Glycolipotoxicity conferred tendinopathy through ferroptosis dictation of tendon‐derived stem cells by YAP activation

Author:

Wang Gang12,Wang Shikun2,Ouyang Xingyu2,Wang Hui2,Li Xiao1,Yao Zhixiao2,Chen Shuai2,Fan Cunyi23ORCID

Affiliation:

1. College of Fisheries and Life Science, Shanghai Ocean University Shanghai China

2. Department of Orthopedics Shanghai Jiao Tong University School of Medicine Affiliated Sixth People's Hospital Shanghai China

3. Shanghai Engineering Research Center for Orthopedic Material Innovation and Tissue Regeneration Shanghai China

Abstract

AbstractTendinopathy is a condition characterized by chronic, complex, and multidimensional pathological changes in the tendons. The etiology of tendinopathy is the combination of several factors, and diabetes mellitus (DM) is a risk factor. Increasing evidence has shown that the diabetic microenvironment plays an important role in tendinopathy.
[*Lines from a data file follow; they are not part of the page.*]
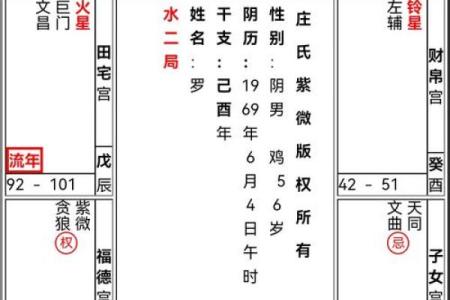 紫薇斗数交友铃星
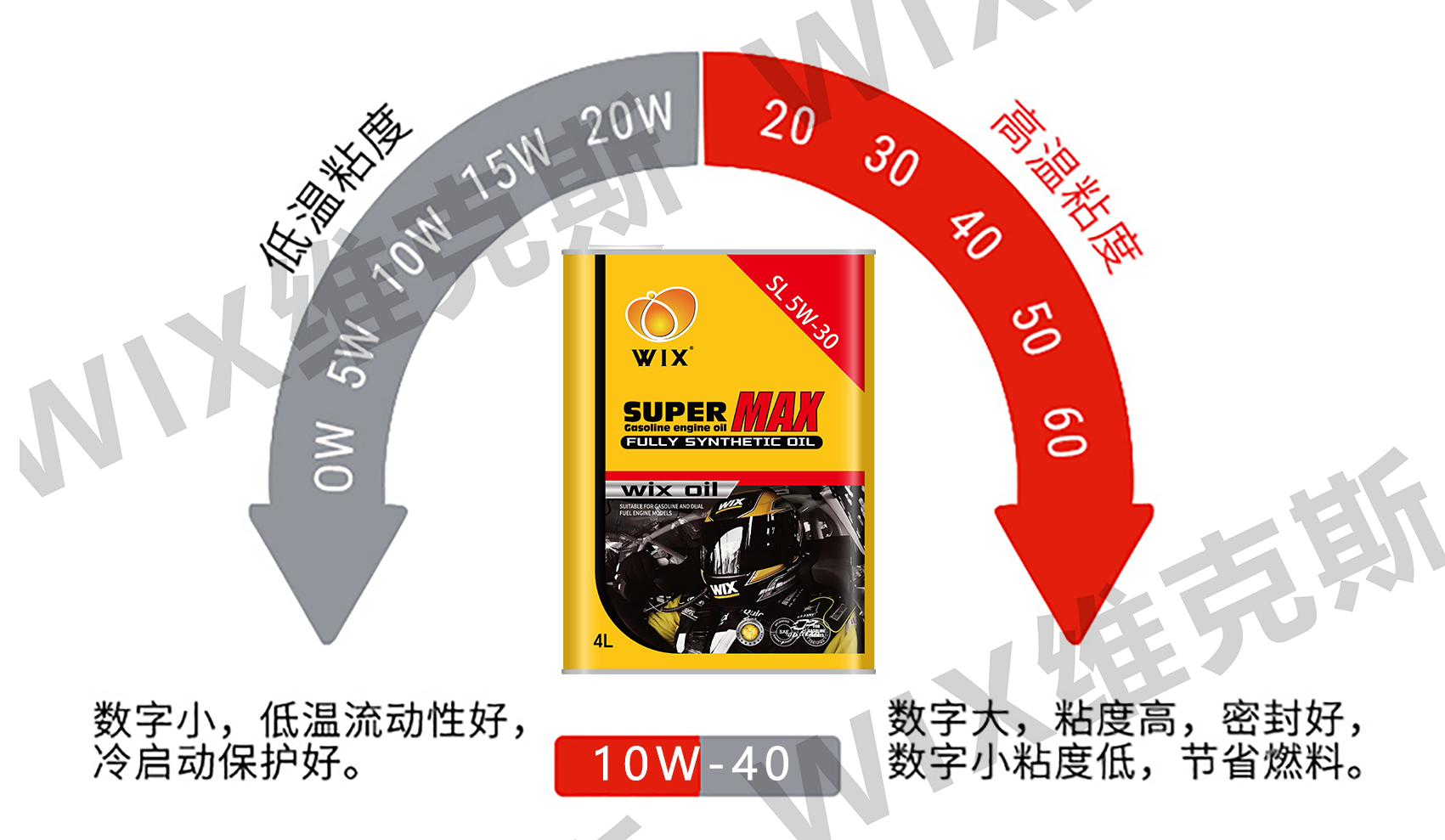 更更改铁罐SL-5W-30_看图王_05.jpg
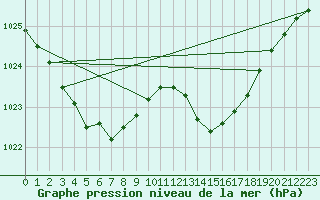 Courbe de la pression atmosphrique pour Brignogan (29)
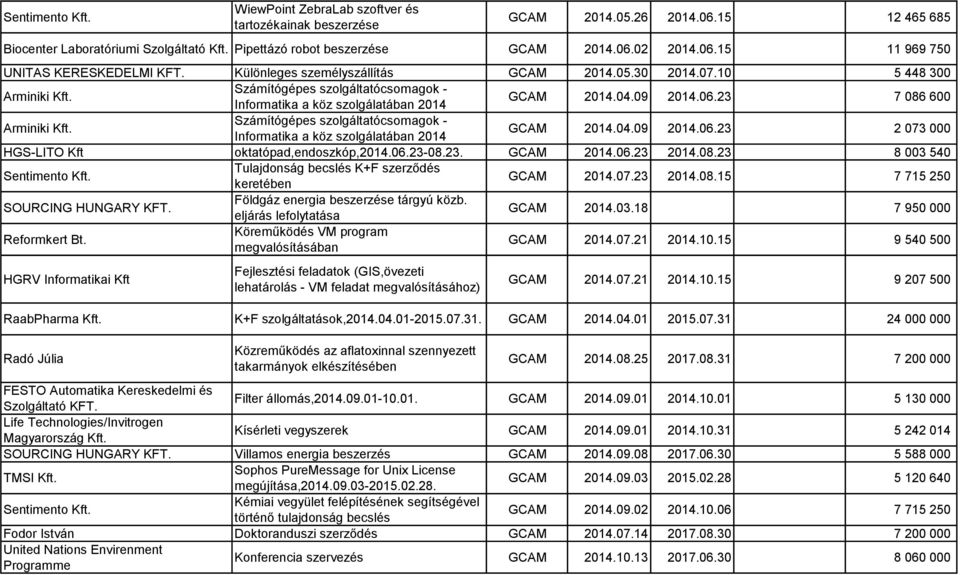 Számítógépes szolgáltatócsomagok - Informatika a köz szolgálatában 2014 2014.04.09 2014.06.23 2 073 000 HGS-LITO Kft oktatópad,endoszkóp,2014.06.23-08.23. 2014.06.23 2014.08.23 8 003 540 Sentimento Kft.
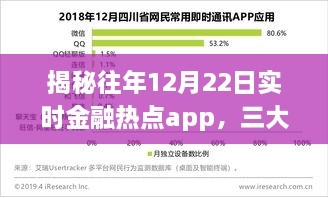 揭秘往年金融热点app，深度解析三大要点在十二月二十二日实时动态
However, the mechanism causing tendinopathy in patients with DM remains unclear. Our study found that ferroptosis played an important role in tendinopathy in patients with DM. In vitro, high glucose and high fat treatment was used to simulate the DM microenvironment. Results showed that such a mechanism significantly increased ferroptosis, which was characterized by mass cell death, lipid peroxide accumulation, mitochondrial morphological changes, mitochondrial membrane potential decline, iron overload, and the activation of ferroptosis‐related genes, in tendon‐derived stem cells cultured in vitro. In the animal studies, db/db mice were used in the DM model, and the db mice had severe tendon injury and high ACSL4 and TfR1 expressions. These phenomena could be alleviated by the ferroptosis inhibitor ferrostatin‐1. In conclusion, ferroptosis is associated with tendinopathy in patients with DM, and ferroptosis targeting may be a novel approach for treating diabetic tendinopathy. Our results can provide a new strategy for managing tendinopathy clinically in patients with DM.

Funder

National Natural Science Foundation of China

National Key Research and Development Program of China

Publisher

Wiley

Subject

Cell Biology,Clinical Biochemistry,Genetics,Molecular Biology,Biochemistry

Reference41 articles.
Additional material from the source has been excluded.